REQUIRED WORK
No pictures belong in the copy. Set down exactly the lines from the one that contains "grandmother with grandchild" through the end of the data.

----- DATA BLOCK

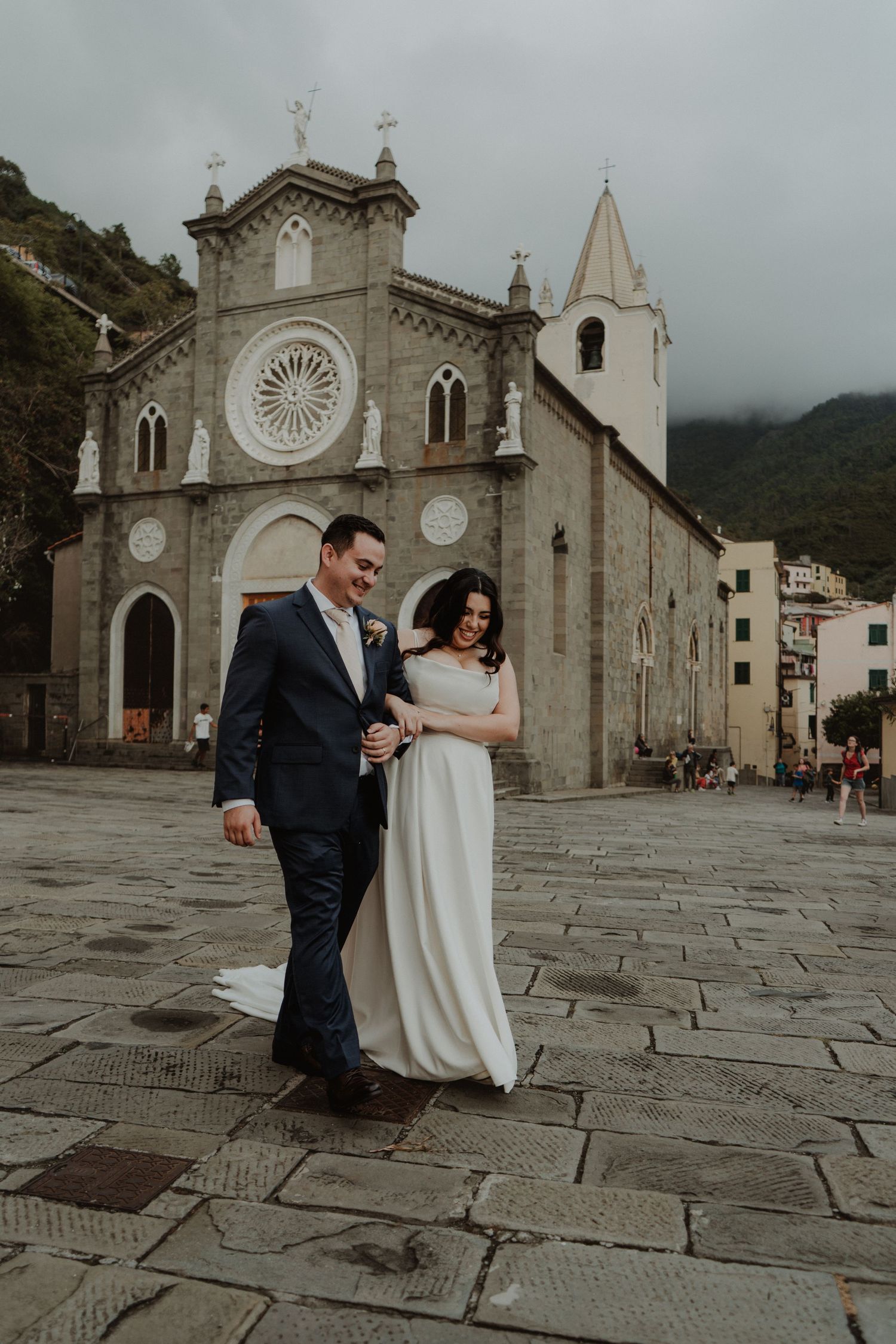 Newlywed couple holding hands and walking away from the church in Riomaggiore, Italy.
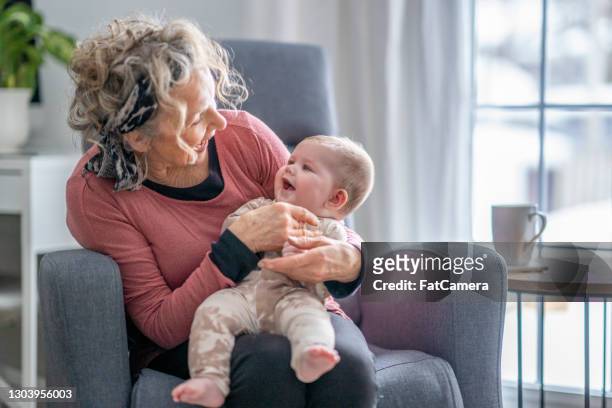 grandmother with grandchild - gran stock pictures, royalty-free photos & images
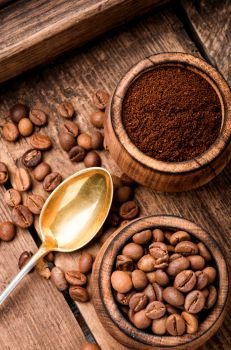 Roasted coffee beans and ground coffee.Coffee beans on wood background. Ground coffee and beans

----------

FINISHED EXERCISE
 grandmother with grandchild - gran stock pictures, royalty-free photos & images
 Roasted coffee beans and ground coffee.Coffee beans on wood background. Ground coffee and beans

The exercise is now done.